Now that I've written a stored procedure to produce a well-formed XML document for an order, I need to write an application to send the order on its way to the warehouse for fulfillment. I can complete this step from a VB application that uses ADO to call the stored procedure and that loads the resulting XML in an ADO Stream object. I can then pass the XML in the Stream object to BizTalk Server by using the BizTalk Interchange.Submit method call with the name of the BizTalk Server channel to execute for this document. (The server channel is a named workflow that BizTalk Server executes when you submit the order.) The Interchange.Submit method call identifies the channel and the XML order in the ADO Stream object named adoOutStr. Listing 4, page 68, shows the VB code for retrieving the XML order document and sending it to BizTalk Server.
VB produces the XML results in a stream, so I use an ADO Stream object to store the XML. The ADO Command object functions in the standard way to execute a parameterized stored procedure, with the following exceptions. The Command object uses the .Properties property to direct the XML results to the Stream object, whose adExecuteStream option you set in the .Execute method to specify a stream output. A typical ADO Recordset doesn't require these properties and options. The Command object executes the stored procedure efficiently as an RPC in SQL Server as well. The remaining code calls the BizTalk COM interface to execute a BizTalk channel (called "Order Fulfillment Channel" for this example) that I defined to accept order documents and route them to the warehouse. I designed this standard VB .exe application to run on the same computer that runs BizTalk Server. In a production system, I would write this as a COM+ component to work in a distributed application so that I could take advantage of COM+'s manageability and scalability benefits.
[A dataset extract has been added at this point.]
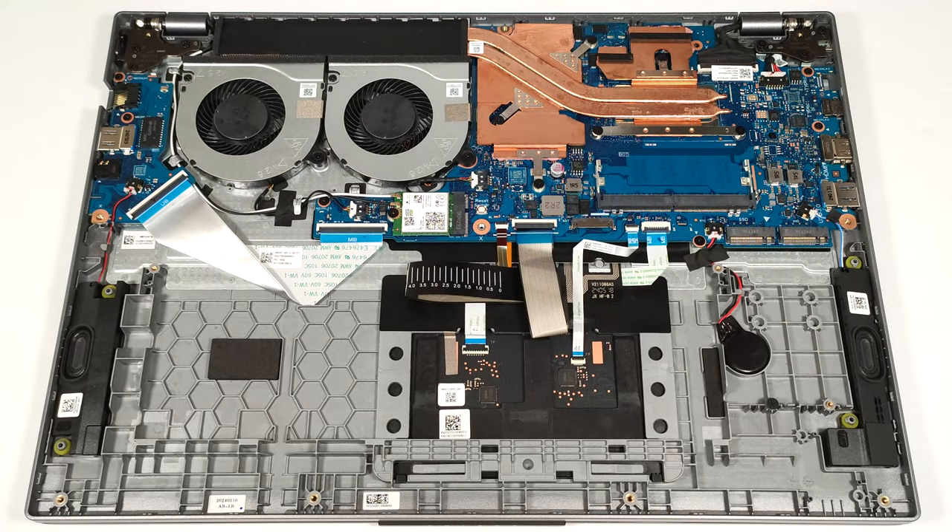The cooling seems potent enough for a laptop with an entry-level dedicated GPU. It has a pair of fans, two heat pipes, one long top-mounted heat sink, and two heat spreaders.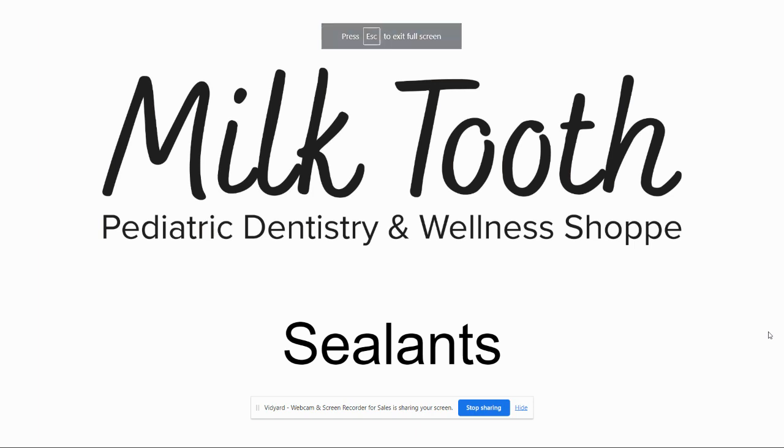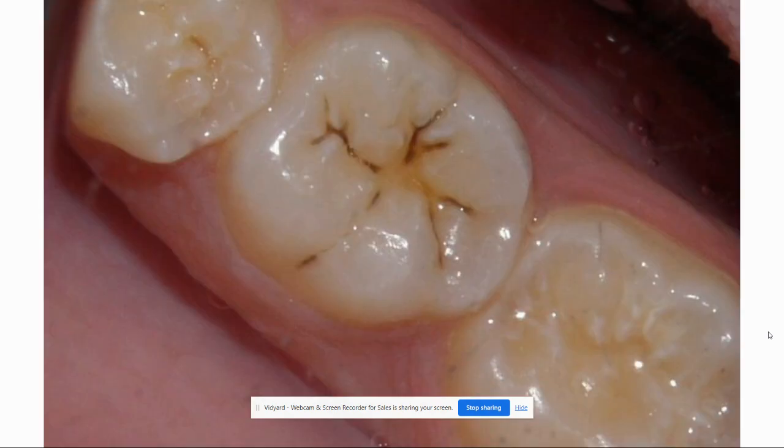So what is a sealant? The whole idea of a sealant is to protect the adult back teeth — the adult molars on your child. Adult molars come with these deep grooves, these nooks and crannies, and some of them are so deep and narrow that the bristles of your toothbrush can't get in there and clean them.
SQL Server 2000's XML support opens up many interesting possibilities for developing solutions that require data in XML format. This article shows how to use the FOR XML clause to retrieve results as XML documents and how to use the FOR XML clause in EXPLICIT mode. With the help of the FOR XML clause, you can produce a well-formed XML document and forward it to another application in two fairly simple steps. Even better, you can accomplish this feat by using familiar programming techniques and avoid having to write a lot of XML-specific code.